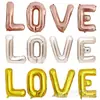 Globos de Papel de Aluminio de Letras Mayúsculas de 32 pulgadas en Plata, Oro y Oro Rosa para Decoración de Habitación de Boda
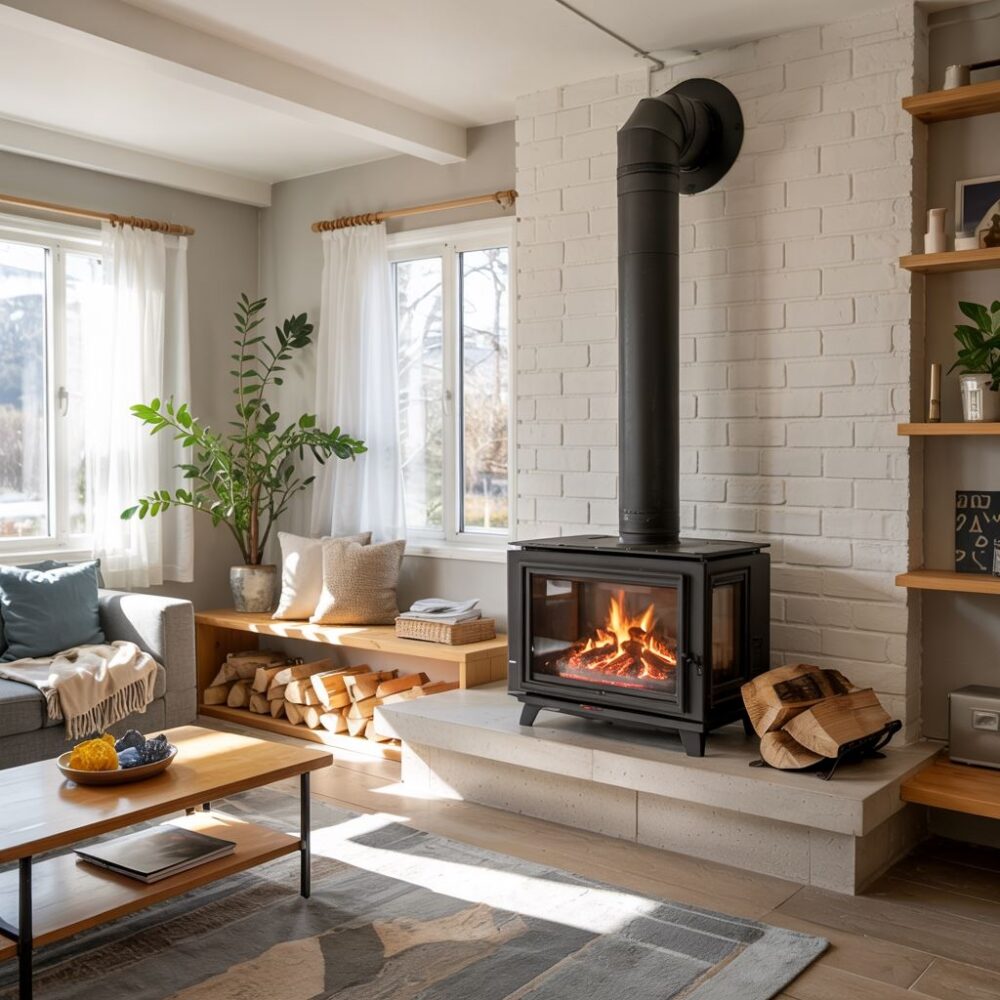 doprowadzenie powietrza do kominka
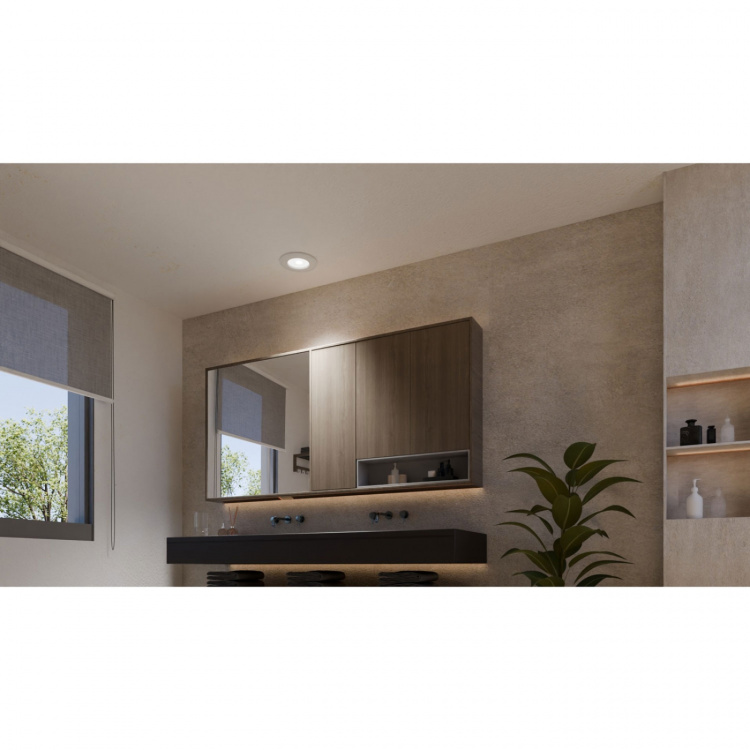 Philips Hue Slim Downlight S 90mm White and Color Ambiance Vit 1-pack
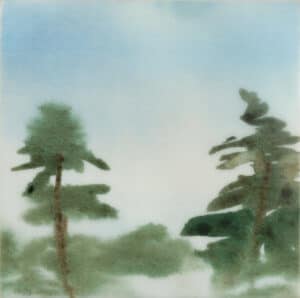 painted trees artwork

■ ■ ■

## Exercise requirements
Copy the listing in full and without alteration, omitting every picture.

## Output
 Globos de Papel de Aluminio de Letras Mayúsculas de 32 pulgadas en Plata, Oro y Oro Rosa para Decoración de Habitación de Boda
 doprowadzenie powietrza do kominka
 Philips Hue Slim Downlight S 90mm White and Color Ambiance Vit 1-pack
 painted trees artwork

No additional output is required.